* What is required
Your answer should consist only of the lines below from the one with "متر لیزری اکتیو 40 متری مدل AC-6640E متر" through the one with "Cana Valentine's Day - 3D Hearts - Img 2", copied exactly.

─── Stored data ───

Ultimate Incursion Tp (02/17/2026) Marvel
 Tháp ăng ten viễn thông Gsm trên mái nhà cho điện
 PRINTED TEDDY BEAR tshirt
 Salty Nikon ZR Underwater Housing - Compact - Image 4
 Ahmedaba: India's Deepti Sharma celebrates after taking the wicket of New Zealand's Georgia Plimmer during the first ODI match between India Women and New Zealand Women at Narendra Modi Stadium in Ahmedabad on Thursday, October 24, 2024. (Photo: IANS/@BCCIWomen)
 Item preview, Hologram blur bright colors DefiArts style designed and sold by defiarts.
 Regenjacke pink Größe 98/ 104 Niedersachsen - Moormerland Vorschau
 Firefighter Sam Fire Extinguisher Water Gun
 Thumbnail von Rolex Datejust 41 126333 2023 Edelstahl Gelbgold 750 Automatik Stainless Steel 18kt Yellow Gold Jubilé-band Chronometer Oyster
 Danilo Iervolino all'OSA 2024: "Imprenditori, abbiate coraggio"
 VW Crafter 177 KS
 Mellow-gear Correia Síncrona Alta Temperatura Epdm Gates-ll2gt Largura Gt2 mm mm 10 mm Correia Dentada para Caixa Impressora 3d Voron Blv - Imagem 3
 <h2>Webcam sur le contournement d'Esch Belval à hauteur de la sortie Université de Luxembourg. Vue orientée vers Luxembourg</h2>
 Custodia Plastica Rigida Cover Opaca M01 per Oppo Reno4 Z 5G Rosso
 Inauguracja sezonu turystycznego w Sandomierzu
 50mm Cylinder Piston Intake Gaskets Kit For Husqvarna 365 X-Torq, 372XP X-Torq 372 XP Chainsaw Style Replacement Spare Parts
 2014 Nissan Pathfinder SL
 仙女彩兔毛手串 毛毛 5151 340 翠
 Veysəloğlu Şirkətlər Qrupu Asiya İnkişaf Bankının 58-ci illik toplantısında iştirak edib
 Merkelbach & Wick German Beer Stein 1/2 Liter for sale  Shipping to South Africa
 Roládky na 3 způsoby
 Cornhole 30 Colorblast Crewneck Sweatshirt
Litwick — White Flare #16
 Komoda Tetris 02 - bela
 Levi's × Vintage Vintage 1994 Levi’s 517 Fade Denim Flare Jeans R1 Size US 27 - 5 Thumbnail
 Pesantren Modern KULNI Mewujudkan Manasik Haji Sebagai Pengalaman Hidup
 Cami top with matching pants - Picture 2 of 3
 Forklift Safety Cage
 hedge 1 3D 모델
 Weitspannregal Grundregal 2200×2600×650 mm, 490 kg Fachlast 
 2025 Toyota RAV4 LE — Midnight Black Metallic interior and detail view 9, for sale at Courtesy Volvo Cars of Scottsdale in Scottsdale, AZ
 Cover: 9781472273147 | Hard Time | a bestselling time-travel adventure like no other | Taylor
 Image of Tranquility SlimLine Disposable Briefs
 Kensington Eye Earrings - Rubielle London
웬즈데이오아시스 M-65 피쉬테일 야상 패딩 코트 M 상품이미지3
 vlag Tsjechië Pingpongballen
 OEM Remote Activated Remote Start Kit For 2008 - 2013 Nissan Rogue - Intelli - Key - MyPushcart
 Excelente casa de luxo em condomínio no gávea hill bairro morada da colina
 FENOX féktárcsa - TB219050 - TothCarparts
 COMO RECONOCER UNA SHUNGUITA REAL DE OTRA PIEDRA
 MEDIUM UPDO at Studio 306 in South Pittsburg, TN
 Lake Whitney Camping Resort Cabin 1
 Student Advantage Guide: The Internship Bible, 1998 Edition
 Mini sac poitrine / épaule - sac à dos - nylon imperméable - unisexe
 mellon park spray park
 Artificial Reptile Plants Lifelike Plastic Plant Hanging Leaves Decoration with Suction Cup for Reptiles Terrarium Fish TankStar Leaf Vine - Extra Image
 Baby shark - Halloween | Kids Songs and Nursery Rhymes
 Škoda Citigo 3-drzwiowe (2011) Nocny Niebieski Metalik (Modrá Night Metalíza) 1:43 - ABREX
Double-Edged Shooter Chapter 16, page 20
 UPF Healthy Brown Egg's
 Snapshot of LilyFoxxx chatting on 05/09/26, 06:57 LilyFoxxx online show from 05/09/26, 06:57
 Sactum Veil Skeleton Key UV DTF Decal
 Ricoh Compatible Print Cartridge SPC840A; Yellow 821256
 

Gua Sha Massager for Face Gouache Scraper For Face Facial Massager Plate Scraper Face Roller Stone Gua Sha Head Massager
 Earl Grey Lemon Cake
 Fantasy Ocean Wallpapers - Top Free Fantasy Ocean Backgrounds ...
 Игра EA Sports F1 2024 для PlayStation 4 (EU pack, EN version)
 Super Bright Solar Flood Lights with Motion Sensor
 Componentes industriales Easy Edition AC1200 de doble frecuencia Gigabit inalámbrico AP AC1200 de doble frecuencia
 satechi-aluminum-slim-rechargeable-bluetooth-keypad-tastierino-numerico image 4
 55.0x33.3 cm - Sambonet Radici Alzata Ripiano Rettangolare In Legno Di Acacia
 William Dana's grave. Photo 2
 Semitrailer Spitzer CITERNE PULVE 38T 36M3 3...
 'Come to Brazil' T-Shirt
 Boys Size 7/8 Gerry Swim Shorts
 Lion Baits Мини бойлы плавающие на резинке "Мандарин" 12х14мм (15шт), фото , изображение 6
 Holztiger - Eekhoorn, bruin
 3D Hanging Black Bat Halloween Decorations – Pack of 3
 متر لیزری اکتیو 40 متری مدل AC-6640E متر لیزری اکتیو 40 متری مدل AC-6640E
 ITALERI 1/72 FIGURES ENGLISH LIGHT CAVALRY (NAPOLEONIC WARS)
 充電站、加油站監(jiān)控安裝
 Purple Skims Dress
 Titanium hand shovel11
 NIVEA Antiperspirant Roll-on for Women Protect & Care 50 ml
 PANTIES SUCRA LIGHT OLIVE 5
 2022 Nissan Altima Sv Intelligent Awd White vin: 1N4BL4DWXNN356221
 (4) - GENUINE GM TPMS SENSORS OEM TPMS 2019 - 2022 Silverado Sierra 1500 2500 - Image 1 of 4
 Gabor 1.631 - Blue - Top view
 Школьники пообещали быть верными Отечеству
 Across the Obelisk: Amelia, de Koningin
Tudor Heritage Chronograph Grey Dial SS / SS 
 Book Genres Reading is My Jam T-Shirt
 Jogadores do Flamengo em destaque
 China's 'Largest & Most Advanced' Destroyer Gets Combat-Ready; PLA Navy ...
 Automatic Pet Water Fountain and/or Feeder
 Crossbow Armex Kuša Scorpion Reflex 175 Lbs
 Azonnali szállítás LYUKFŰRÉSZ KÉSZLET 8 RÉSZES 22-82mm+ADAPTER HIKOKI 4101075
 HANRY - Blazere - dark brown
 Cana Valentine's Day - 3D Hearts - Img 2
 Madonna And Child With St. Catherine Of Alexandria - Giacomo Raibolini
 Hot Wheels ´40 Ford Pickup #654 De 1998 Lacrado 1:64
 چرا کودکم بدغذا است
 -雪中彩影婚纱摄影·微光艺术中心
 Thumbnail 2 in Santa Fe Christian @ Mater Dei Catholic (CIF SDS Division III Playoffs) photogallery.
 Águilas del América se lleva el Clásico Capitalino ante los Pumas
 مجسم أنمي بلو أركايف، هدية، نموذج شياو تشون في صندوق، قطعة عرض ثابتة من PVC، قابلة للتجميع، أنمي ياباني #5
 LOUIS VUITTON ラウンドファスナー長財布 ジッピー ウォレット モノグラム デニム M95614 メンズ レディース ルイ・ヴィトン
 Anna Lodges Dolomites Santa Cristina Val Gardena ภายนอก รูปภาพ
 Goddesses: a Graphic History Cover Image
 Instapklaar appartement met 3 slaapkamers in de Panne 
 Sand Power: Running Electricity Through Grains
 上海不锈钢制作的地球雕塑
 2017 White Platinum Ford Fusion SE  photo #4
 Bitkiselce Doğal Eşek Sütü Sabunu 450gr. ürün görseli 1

───

* Written response
 متر لیزری اکتیو 40 متری مدل AC-6640E متر لیزری اکتیو 40 متری مدل AC-6640E
 ITALERI 1/72 FIGURES ENGLISH LIGHT CAVALRY (NAPOLEONIC WARS)
 充電站、加油站監(jiān)控安裝
 Purple Skims Dress
 Titanium hand shovel11
 NIVEA Antiperspirant Roll-on for Women Protect & Care 50 ml
 PANTIES SUCRA LIGHT OLIVE 5
 2022 Nissan Altima Sv Intelligent Awd White vin: 1N4BL4DWXNN356221
 (4) - GENUINE GM TPMS SENSORS OEM TPMS 2019 - 2022 Silverado Sierra 1500 2500 - Image 1 of 4
 Gabor 1.631 - Blue - Top view
 Школьники пообещали быть верными Отечеству
 Across the Obelisk: Amelia, de Koningin
Tudor Heritage Chronograph Grey Dial SS / SS 
 Book Genres Reading is My Jam T-Shirt
 Jogadores do Flamengo em destaque
 China's 'Largest & Most Advanced' Destroyer Gets Combat-Ready; PLA Navy ...
 Automatic Pet Water Fountain and/or Feeder
 Crossbow Armex Kuša Scorpion Reflex 175 Lbs
 Azonnali szállítás LYUKFŰRÉSZ KÉSZLET 8 RÉSZES 22-82mm+ADAPTER HIKOKI 4101075
 HANRY - Blazere - dark brown
 Cana Valentine's Day - 3D Hearts - Img 2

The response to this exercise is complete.